Segment Start: Data for analysis
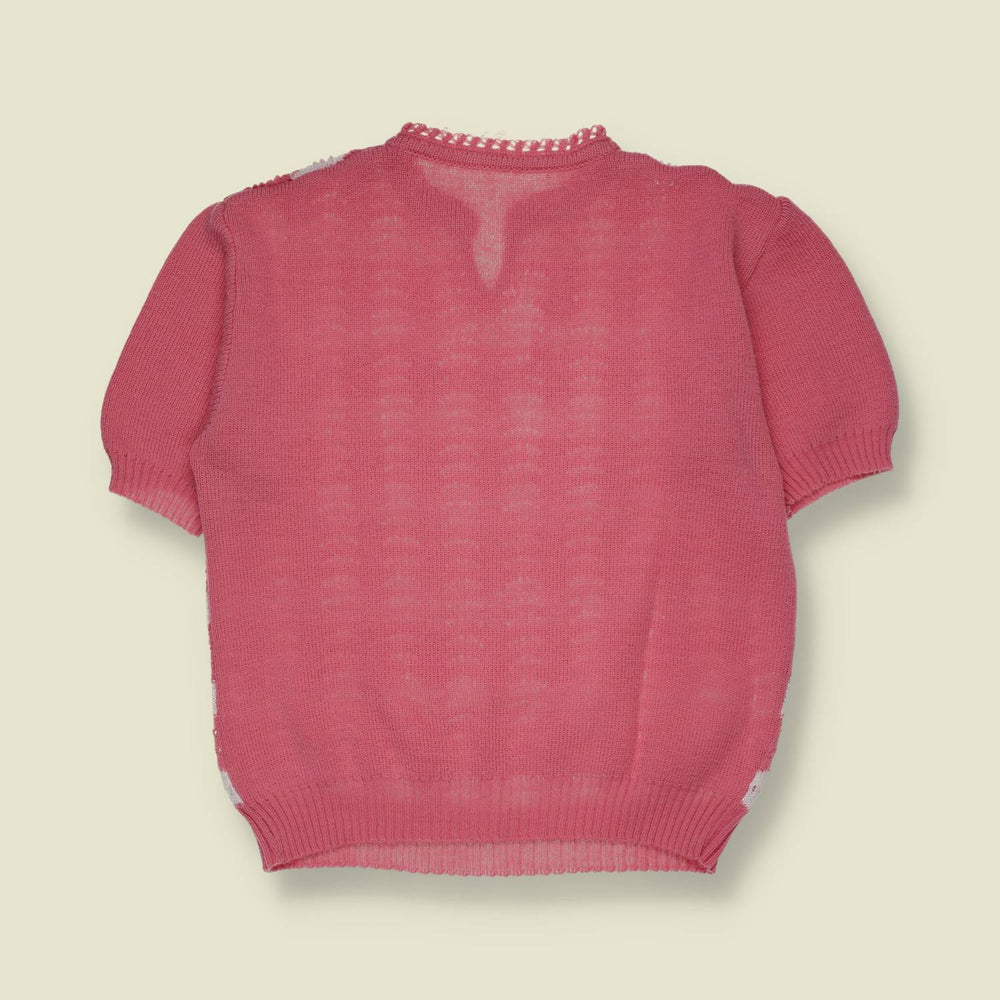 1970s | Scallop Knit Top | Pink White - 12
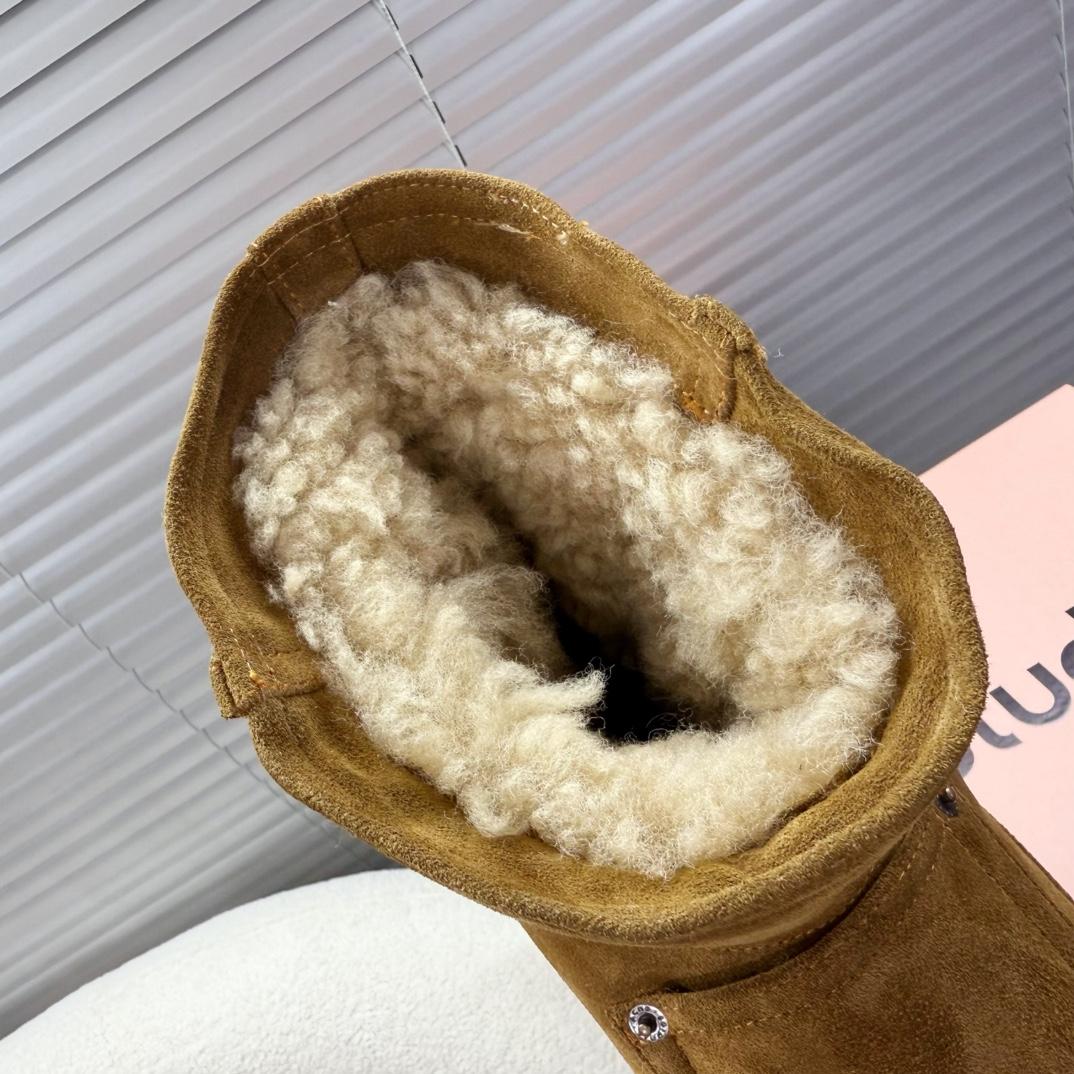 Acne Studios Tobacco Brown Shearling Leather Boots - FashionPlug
Segment End: Data for analysis
Segment Start: Data for analysis
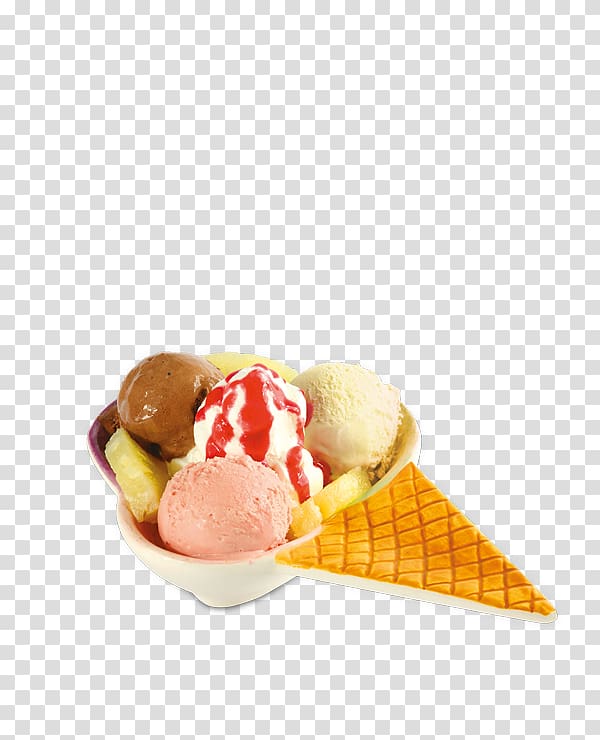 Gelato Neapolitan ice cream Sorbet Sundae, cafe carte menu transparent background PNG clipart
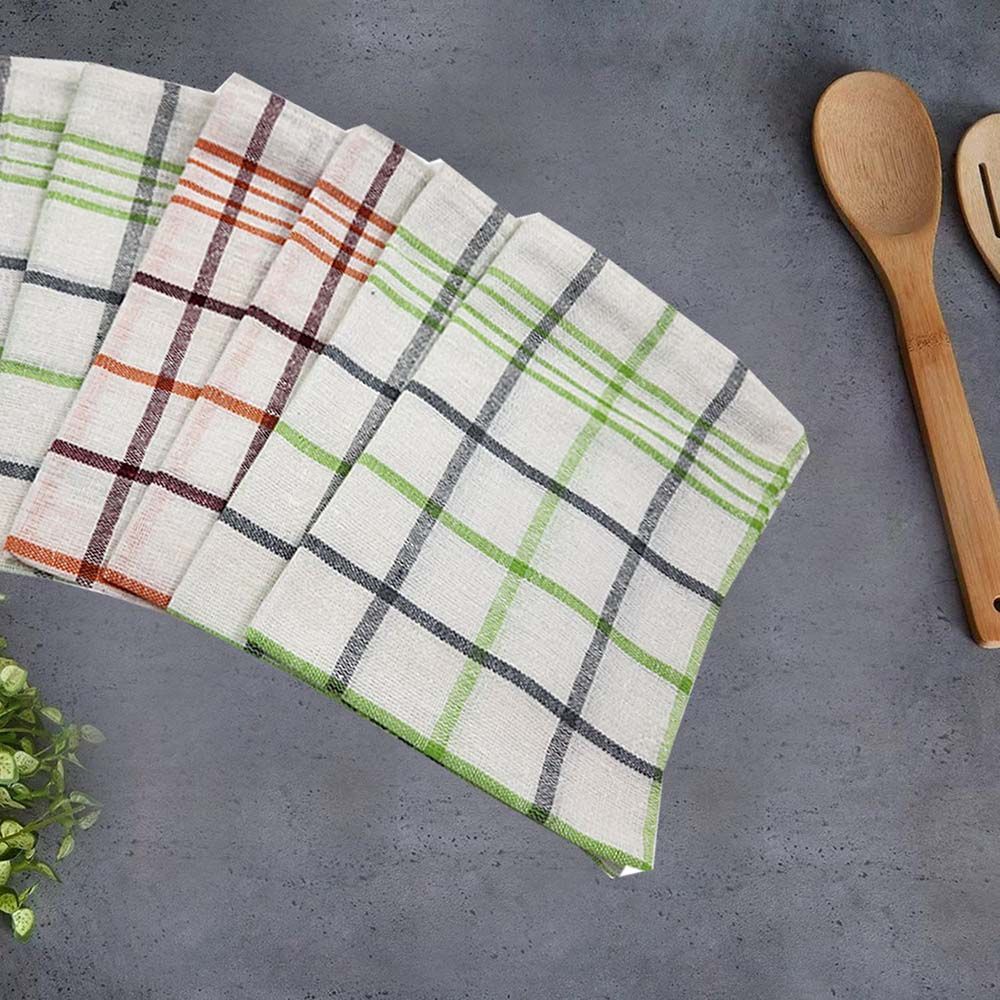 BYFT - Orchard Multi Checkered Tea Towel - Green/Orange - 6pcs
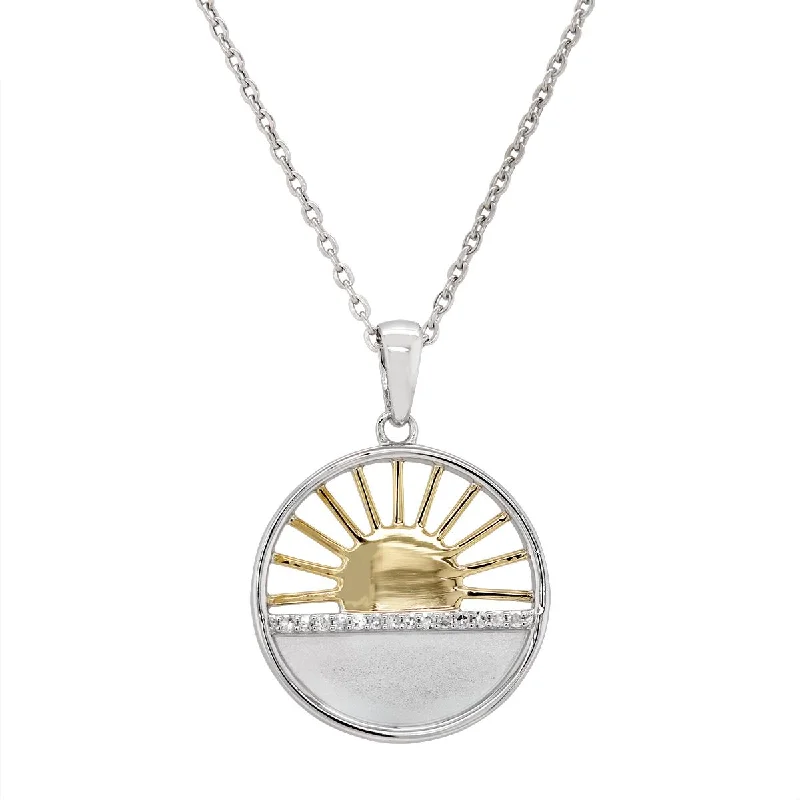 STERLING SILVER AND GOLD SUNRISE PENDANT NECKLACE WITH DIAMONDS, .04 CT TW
Segment End: Data for analysis
**Requirement**.
Set down again, word for word, every line from the one with "BYFT - Orchard" to the one with "STERLING SILVER AND" in the entries above, and omit the pictures.

**Task solution**.
 BYFT - Orchard Multi Checkered Tea Towel - Green/Orange - 6pcs
 STERLING SILVER AND GOLD SUNRISE PENDANT NECKLACE WITH DIAMONDS, .04 CT TW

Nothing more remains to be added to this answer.